La nuit d'obsidienne de François Emmanuel

La nuit d'obsidienne de François Emmanuel

Catégorie(s) : Littérature => Francophone

Critiqué par Lucien, le 11 avril 2005 (Inscrit le 13 mars 2001, 69 ans)
La note : 8 étoiles
Moyenne des notes : 9 étoiles (basée sur 2 avis)
Cote pondérée : 6 étoiles (23 201ème position).
Visites : 4 842  (depuis Novembre 2007)

L'écume des choses.

"La nuit d’obsidienne" plonge dans une atmosphère mystérieuse voire fantastique qui n’est pas sans évoquer le Julien Gracq du "Rivage des Syrtes".

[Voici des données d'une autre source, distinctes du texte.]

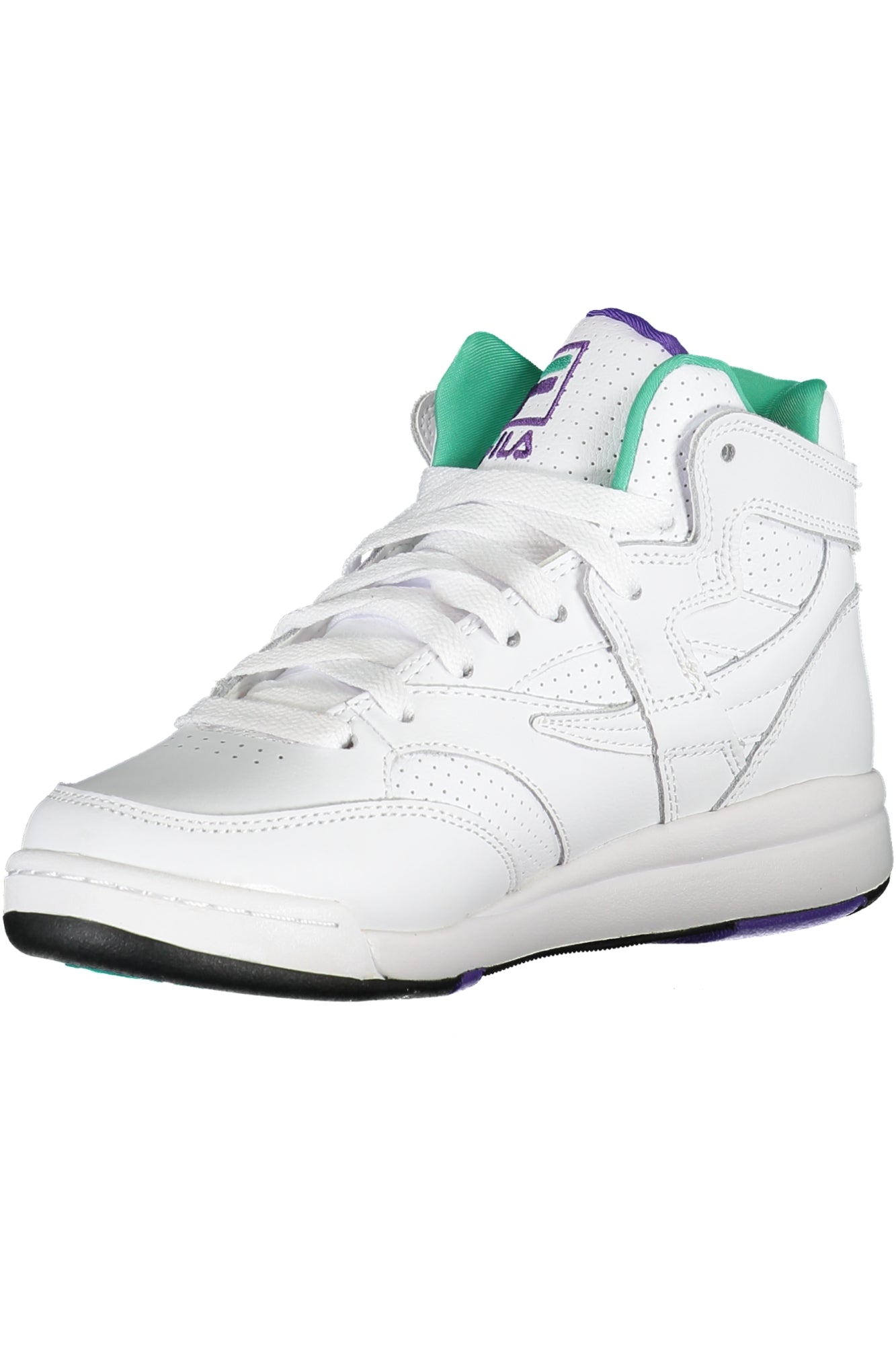 FILA M-SQUAD - WOMEN'S Sneakers HOOG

Sa structure actantielle est celle d’un conte classique, avec une quête, une mission à réaliser par un héros investi par un destinateur.
Pierre Ansalem est ce destinateur, archéologue, « vieil homme presque aveugle » (sorte de devin à l’antique), fasciné par la mort et les transmutations, particulièrement par ces rites funéraires d’un autre âge qu’il a découverts dans une île de l’Archipel Nord : corps livrés à la voracité des orfraies, grands aigles blancs de deux mètres d’envergure, os ensuite brûlés, concassés, effacés pour permettre la renaissance de l’âme « de ce côté-ci de la mer ».
Ansalem, qui ne peut plus voyager, envoie le narrateur, qui est médecin, vers l’île coupée en deux par « l’Histoire avec sa grande hache » : entre la partie ancienne où restent des vestiges du cérémonial mortuaire ancestral et la partie moderne défigurée par un terminal pétrolier, une sourde rivalité s’est installée, au point que des soldats patrouillent l’île, chargés d’éviter les attentats contre le terminal.
La mission du narrateur se développera dans trois parties successives dont chacune sera centrée sur une femme : Jana, Inge, Ann.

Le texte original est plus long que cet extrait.